The current text in the manuscript and the README examples reflect the fact that cottoncandy is useful for the scientific data analysis side. The goal is to simplify the use of cloud-storage solutions in data science workflows. We have provided capabilities for using different back-ends but that is not the emphasis. Is the last sentence the one you have an issue with? I've added a mention of cloudstorage to the last paragraph.

vsoch commented 5 years ago

These changes look great! I’m at the doctor now but I would like to give one more look over and test when I get home, and likely sign off after that. Overall really great work on the fixes!

vsoch commented 5 years ago

config

omg I love this!

In [1]: import cottoncandy

############################################################
Hi! Looks like this is your first time using cottoncandy.

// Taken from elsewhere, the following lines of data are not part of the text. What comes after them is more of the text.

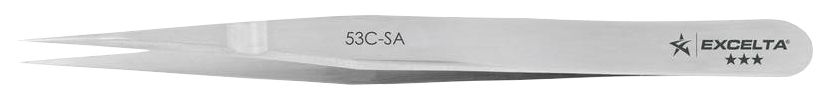 Excelta 53C-SA Neverust® Stainless Steel Anti-Crush Tweezer with Straight, Very Fine, Pointed Tips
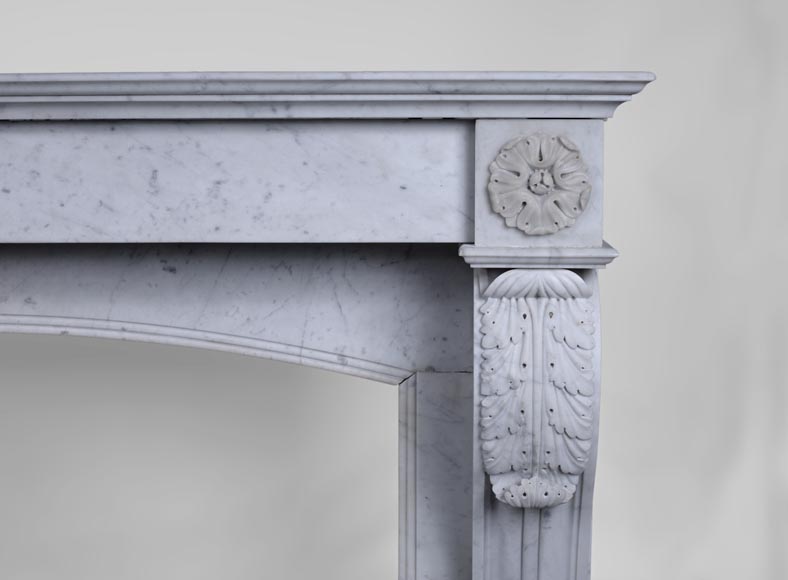 Antique Napoleon III style fireplace with lion's paws in Carrara marble -7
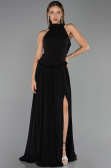Robe de Soirée Longue Mousseline Noir ABU6550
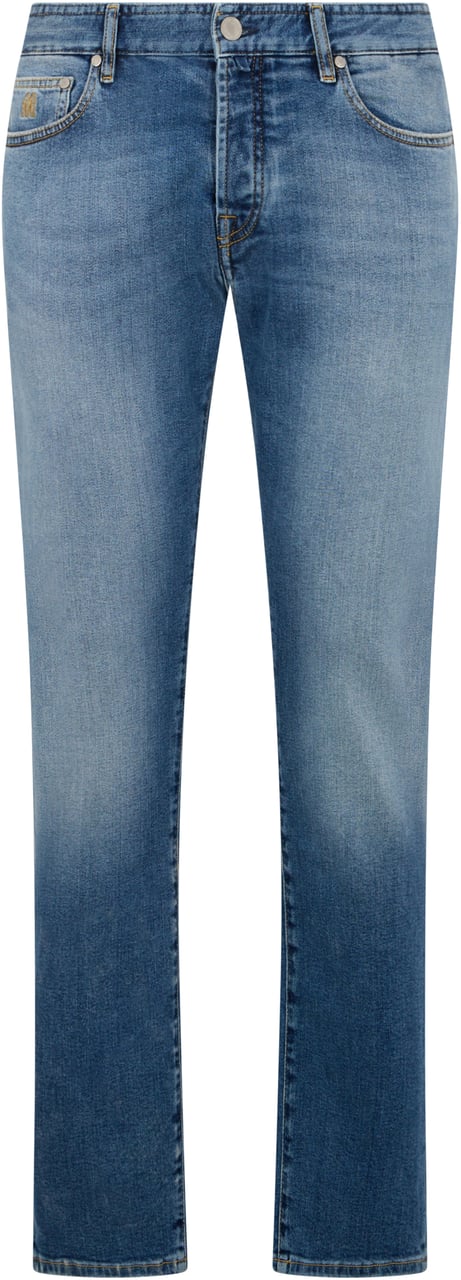 Moorer Light blue straight jeans, classic cut Blauw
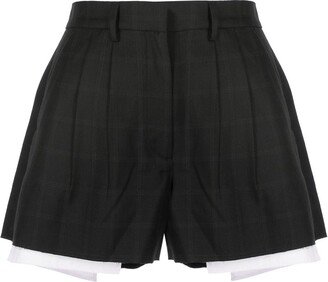 b+ab check-print A-line shorts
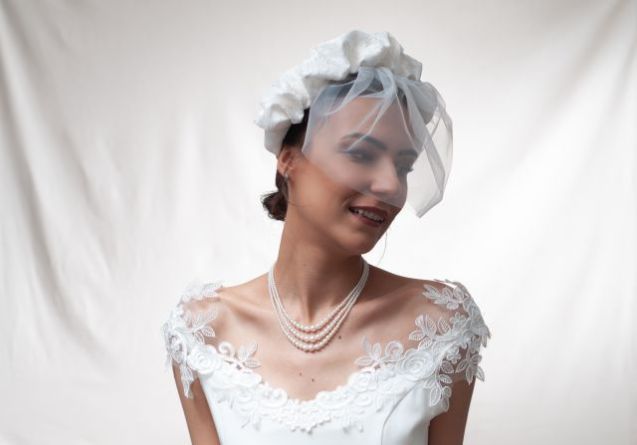 Modern white bridal headband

Your cottoncandy configuration file will be stored in:
/home/vanessa/.config/cottoncandy/options.cfg

You can store your S3 or Google Drive credentials there,
and many other options.

Thanks for using cottoncandy!

defaults

I think this is good for now, because it's more likely that a single user is going to use it vs. having it installed at the system level (by an admin) and then used across users. If/when the time comes for this, it will be natural for someone to open an issue and you can address then. Given this, the atomicity issue is also not likely an issue, so I'm good :)

I'm going to look over the compiled pdf again, and will continue in the main thread!

vsoch commented 5 years ago

The review is finished, and the paper accepted! Congrats! Closing.